What can sum up Michael Phelps better than his own words ? - "I don't want to be a second Mark Spitz, I want to be the first Michael Phelps". He values his own achievement and effort; he knows what it takes to reach where he is today. Congratulations to Phelps on his 8-gold medal haul at the Beijing Olympics. What better display of the human spirit! He went in with the stated intention to get eight golds, and he did it in style breaking seven worlds records.

Pause for a moment and think of the mental preparation to handle all the pressure. You shut yourself after every race, shut yourself from all the jamboree around you. Forget a race after it is run. Don't think about the next one when you are not done with the current. Live in the present. You put your best effort, don't worry about the result. Think of the objective thought and analysis that has gone into the effort.

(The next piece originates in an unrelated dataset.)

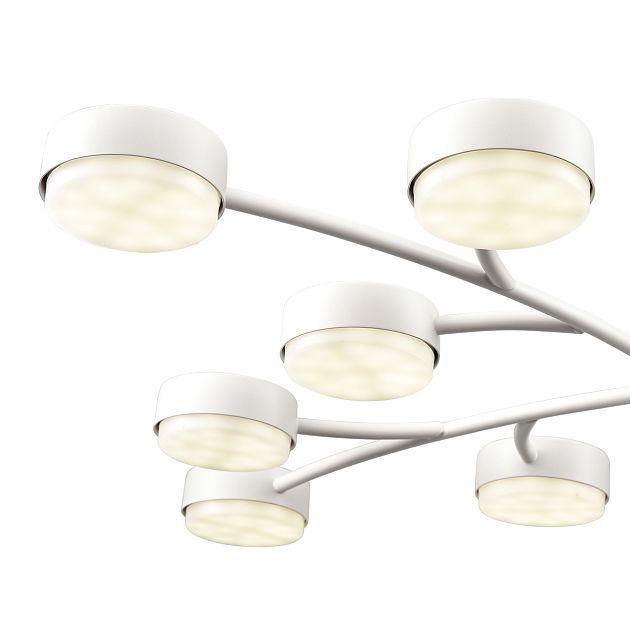 Люстра LUMION TORINA 8265/12 - фото 8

It would have involved dissection of all aspects of swimming a race - taking the longest possible jump into water, staying underwater for a longer time, the hydrodynamics of swimming, shortest turnaround time at the end of a lap and co-ordinating with teammates in relays. Finally, what separates the "dids" from the "did nots" is the ability and will to execute their plans. What does all this teach us? Basic lessons for life - objectivity, hard work, discipline, vision, attitude and the list will go on. A little bit of clever strategy too, I must add. Phelps must have known that the only way to ensure 8 golds is to break all world records. So he must have been far ahead of his peers during his training programme. He waited to deliver his best at the Olympics.

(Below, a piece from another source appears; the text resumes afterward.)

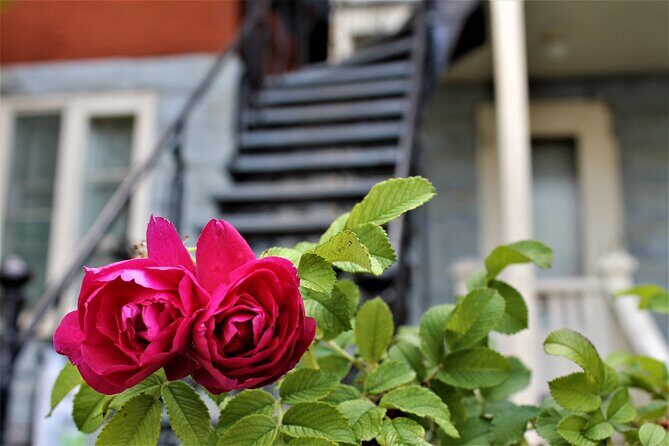 History of Levis and Tasting at the Ostara Market - FAQ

Sport at its highest levels, then, is a bit like life. It is a training ground for the tools required to negotiate through life. If sports thus provides what education aims to, why should sports be neglected and relegated to second rate status in our educational system? It is surely easier to create good sportsmen than it is to create good scientists, businessmen, politicians or just a good human. I am not suggesting that the effort required is any bit less, but the number of variables that need to be managed are far less. Sports is a controlled activity, a bit like experiments. Experiments help to incrementally understand the complexity of the object under study, so does sports help you discover yourself. That is true of any creative activity - be it music, writing, programming or anything else possible under the sun. Millions of kids have already stepped out of their childhood even before they realize the value of these activities.